Writing the length prefix before reading the payload. During replay, frames are packed into a fixed-size batch buffer that's handed to the BLE transport in one shot. The trick is the order:

// file_operations.c:756  (drain_replay, FIFO forward walk)
size_t prefix_at = batch_used;
batch[batch_used++] = (uint8_t)(flen & 0xFF);
batch[batch_used++] = (uint8_t)((flen >> 8) & 0xFF);
if ((size_t)read(s_replay_fd, &batch[batch_used], flen) != flen) {
    ESP_LOGE(TAG, "replay: payload read failed");
    batch_used = prefix_at;
    break;
}
batch_used += flen;
batch_frames++;
s_replay_pos = next_pos;

We write the 2-byte length tag into the batch buffer first, then read the payload directly behind it. If the read fails, the saved prefix_at offset rewinds batch_used cleanly so the partial frame doesn't pollute the next send.

Results

The state machine plus this framing gives a few non-obvious properties. No frames are lost across typical, minutes-long BLE outages, since the flash spill scales far beyond realistic in-home dropouts. Replays are chronological by default, since walking the file head-to-tail reconstructs the timeline in the same order sensors recorded it, and the dual-tag framing means flipping to tail-first is a three-line change. The system survives reboots, since a brown-out or watchdog reset during an outage simply leaves the file on disk, and the next boot picks up replay from where it left off, in order. And there's exactly one consumer at a time, no racing readers, no dual-handle filesystem hazards.

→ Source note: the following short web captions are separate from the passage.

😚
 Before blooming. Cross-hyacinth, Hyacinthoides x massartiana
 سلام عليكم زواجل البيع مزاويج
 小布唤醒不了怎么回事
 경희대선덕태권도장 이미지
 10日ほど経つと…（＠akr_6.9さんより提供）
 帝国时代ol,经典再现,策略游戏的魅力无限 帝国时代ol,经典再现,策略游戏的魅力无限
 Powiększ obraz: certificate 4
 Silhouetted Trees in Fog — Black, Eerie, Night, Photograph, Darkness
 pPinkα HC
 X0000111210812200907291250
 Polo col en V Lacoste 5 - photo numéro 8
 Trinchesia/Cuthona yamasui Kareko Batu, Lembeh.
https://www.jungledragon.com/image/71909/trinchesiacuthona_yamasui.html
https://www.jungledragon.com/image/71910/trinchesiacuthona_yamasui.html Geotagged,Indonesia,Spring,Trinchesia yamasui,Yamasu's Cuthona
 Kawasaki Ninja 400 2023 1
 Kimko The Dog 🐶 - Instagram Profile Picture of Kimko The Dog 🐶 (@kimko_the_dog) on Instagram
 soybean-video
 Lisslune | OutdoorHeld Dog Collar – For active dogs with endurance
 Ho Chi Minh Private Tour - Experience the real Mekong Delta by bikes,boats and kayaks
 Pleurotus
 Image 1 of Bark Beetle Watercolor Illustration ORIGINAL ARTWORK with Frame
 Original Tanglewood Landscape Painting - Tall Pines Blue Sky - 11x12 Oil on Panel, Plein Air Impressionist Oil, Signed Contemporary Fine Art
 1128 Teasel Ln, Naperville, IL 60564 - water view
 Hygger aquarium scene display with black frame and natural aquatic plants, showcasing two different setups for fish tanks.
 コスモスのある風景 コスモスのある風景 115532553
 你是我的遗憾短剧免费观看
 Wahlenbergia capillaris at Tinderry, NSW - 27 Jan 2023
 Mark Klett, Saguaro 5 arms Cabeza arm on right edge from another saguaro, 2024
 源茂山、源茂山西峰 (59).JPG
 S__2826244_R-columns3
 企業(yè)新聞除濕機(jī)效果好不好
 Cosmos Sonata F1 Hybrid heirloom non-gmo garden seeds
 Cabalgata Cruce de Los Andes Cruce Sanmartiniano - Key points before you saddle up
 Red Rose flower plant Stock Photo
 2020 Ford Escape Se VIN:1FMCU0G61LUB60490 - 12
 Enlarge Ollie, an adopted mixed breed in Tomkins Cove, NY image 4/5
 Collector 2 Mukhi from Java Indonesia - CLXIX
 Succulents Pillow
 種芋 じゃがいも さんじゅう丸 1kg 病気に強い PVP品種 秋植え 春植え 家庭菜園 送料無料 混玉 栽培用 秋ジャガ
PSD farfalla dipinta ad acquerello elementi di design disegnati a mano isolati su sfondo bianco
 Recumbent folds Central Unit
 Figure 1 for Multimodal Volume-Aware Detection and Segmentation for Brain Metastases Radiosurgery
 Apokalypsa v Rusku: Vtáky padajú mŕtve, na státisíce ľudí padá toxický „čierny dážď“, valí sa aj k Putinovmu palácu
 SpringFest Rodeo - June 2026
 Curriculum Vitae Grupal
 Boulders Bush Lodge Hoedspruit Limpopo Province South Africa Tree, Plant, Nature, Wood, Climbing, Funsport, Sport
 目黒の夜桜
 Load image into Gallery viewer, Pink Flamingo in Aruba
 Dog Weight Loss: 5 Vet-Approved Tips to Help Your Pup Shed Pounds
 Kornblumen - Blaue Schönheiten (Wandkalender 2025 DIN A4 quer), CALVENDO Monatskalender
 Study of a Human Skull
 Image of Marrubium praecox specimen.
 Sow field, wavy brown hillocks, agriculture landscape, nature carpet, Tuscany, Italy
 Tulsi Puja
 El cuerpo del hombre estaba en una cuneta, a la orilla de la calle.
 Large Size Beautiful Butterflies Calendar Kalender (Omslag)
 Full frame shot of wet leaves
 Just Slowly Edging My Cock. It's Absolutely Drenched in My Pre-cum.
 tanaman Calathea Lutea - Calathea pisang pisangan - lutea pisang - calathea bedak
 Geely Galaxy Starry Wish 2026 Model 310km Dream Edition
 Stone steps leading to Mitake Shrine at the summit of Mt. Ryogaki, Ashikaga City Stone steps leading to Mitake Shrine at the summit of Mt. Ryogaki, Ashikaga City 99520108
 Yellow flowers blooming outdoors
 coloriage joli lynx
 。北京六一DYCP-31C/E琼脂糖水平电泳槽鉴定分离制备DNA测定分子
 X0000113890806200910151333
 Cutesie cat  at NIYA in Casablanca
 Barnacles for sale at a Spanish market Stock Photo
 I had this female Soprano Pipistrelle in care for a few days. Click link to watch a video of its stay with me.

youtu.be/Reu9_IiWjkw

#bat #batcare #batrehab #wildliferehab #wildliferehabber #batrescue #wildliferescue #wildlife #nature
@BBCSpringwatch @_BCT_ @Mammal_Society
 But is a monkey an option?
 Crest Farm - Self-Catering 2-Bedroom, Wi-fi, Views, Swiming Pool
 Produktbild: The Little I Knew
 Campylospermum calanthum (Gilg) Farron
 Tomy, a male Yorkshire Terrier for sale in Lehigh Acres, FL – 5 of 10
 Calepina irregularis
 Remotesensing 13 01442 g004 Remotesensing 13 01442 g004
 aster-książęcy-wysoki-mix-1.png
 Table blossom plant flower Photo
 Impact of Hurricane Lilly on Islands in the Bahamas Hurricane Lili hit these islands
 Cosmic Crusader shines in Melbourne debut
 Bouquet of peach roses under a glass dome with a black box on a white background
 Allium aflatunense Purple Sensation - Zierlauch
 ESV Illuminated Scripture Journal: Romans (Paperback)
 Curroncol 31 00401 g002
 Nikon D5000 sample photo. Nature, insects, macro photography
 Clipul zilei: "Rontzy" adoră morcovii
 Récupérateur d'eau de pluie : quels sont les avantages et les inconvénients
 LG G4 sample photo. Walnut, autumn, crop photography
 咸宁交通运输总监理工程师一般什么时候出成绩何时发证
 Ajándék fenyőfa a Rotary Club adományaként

Why it matters at Hoomanely

Everything the Biosense AI Engine concludes about a pet's gait, restlessness, sleep, or distress depends on whether the firmware delivered a complete, ordered, time-true record of what the sensors saw. A model trained on data with random 12-second holes learns the wrong thing. A model that sometimes sees yesterday's frames replayed in reverse learns very wrong things. The two-tier queue isn't a buffer, it's the load-bearing contract between sensors at the edge and intelligence in the cloud.

Key takeaways

A single buffer is never enough, separate RAM (fast, lossy on full) from flash (persistent, slow). A state machine beats flag checks, three modes, three triggers, one consumer at a time. Framing decides walk direction, dual length tags cost four bytes per frame and buy the freedom to choose chronological or freshest-first replay without an index file. Measure where you actually lose frames, our biggest win came from collapsing three write() syscalls into one. And the replay path is the rare path, test it under load, since it's the one that bites in production.